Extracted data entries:
····················
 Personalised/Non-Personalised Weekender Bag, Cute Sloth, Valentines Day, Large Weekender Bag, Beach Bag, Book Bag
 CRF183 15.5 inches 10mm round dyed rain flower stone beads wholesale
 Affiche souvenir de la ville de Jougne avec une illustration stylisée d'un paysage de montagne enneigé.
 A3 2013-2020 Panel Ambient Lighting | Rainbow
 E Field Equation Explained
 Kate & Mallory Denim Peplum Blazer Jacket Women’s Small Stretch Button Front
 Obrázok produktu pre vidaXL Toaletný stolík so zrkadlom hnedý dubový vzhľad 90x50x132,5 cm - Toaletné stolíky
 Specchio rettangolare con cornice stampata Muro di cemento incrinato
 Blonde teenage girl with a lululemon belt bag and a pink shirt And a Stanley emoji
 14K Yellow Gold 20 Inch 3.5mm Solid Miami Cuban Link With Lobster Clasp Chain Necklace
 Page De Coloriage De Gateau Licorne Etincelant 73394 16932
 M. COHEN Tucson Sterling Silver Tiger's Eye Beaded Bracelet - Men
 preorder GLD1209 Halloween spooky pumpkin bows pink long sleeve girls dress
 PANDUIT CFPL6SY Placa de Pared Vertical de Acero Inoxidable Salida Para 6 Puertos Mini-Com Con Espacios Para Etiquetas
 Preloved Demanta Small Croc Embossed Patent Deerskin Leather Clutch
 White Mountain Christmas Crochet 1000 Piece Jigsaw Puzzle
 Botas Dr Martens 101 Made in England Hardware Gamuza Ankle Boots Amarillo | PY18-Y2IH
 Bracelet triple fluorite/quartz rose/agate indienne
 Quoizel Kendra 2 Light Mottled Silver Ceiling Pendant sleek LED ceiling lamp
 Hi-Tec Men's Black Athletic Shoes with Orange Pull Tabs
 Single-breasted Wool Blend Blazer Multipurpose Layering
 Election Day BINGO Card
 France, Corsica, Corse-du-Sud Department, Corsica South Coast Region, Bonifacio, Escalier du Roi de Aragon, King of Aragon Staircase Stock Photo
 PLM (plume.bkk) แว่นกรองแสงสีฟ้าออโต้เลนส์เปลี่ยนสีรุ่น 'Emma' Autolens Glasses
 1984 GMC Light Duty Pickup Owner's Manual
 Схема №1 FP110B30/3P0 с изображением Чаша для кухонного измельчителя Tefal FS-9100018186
····················
YOUR GOAL:
A word-for-word copy of the entries, from the first line through the line containing "Affiche souvenir de", is the whole answer.

SOLUTION BELOW:
 Personalised/Non-Personalised Weekender Bag, Cute Sloth, Valentines Day, Large Weekender Bag, Beach Bag, Book Bag
 CRF183 15.5 inches 10mm round dyed rain flower stone beads wholesale
 Affiche souvenir de la ville de Jougne avec une illustration stylisée d'un paysage de montagne enneigé.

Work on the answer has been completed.